米Adobe Systemsが、「Adobe AIR」のサポートと機能開発を、米ハーマンに移管すると発表した(参照:
窓の杜)。ハーマンはオーディオ機器などを製造、販売する会社で、2017年にサムスン電子が80億米ドルで買収して完全子会社化している(参照:
Wikipedia)。
「Adobe AIR」は、「Adobe Flash」をパソコンやスマートフォンのアプリケーションとして動かすものだ。「Adobe AIR」を使えば、様々な環境で動くアプリケーションを開発することができる(参照:
Adobe AIR – Wikipedia、
Adobe Flash – Wikipedia)。
私も過去に「Adobe AIR」でソフトを作った経験がある。ただ「Adobe Flash」が縮小を続けている現在、その環境にどれほどの価値があるのかは分からない。
Adobeは2017年に「Flashの開発と提供を2020年で終了する」と発表している。今回「Adobe AIR」の移管を受けたハーマンは、アプリケーションを「Adobe Flash」からHTML5に移行するコンサルティングや移行サポートもおこなっている。
「Adobe Flash」を終了することを決めたAdobeと、移行ビジネスを手掛けるハーマンにとって、都合のよい事業移管だったのだろう(参照:
HARMAN)。
20代前半より若い人は知らないだろうが、日本のインターネットでは「FLASH黄金時代」と呼ばれた時期があった。1998年から2002年頃に始まり、2005年から2007年頃に終焉した(参照:
ニコニコ大百科)。
YouTubeの設立は2005年。ニコニコ動画の設立が2006年。それより前に「Adobe Flash」を利用した動画がネットに溢れていた。多くの人は、こうした動画を通して「Adobe Flash」に触れていた。
また、Flashゲームと呼ばれる「Adobe Flash」を利用したゲームも多く作られた。初期のソーシャルゲームは、携帯電話向けの「Adobe Flash Lite」で開発されているケースも多く見られた。
OSを問わずに、Webブラウザ上でアプリケーションを構築できる「Adobe Flash」は、多くの企業サイトでも利用されていた。

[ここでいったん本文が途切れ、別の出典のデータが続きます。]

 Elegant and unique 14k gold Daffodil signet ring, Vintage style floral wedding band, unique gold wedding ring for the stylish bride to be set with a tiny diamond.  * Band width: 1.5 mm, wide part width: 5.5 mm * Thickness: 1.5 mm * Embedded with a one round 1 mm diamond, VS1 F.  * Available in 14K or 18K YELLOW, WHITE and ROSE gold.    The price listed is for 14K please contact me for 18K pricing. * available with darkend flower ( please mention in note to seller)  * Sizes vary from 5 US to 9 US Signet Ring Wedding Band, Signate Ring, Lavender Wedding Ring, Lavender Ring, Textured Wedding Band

さて、その「Adobe Flash」だが、元々Adobeのものではない。1996年に、アメリカのフューチャーウェーブ・ソフトウェアが開発した。この技術を、同年にマクロメディアが会社ごと買収。2005年に、今度はAdobeがマクロメディアを34億ドルで買収して、2007年に「Macromedia Flash」だった名前を「Adobe Flash」に改名した(参照:
Wikipedia)。
当時Adobeは、よい買い物をしたと思っただろう。しかし、その後「Adobe Flash」は劣勢に追いやられる。一番大きな原因は、モバイルの台頭だった。それも「iPhone」の登場である。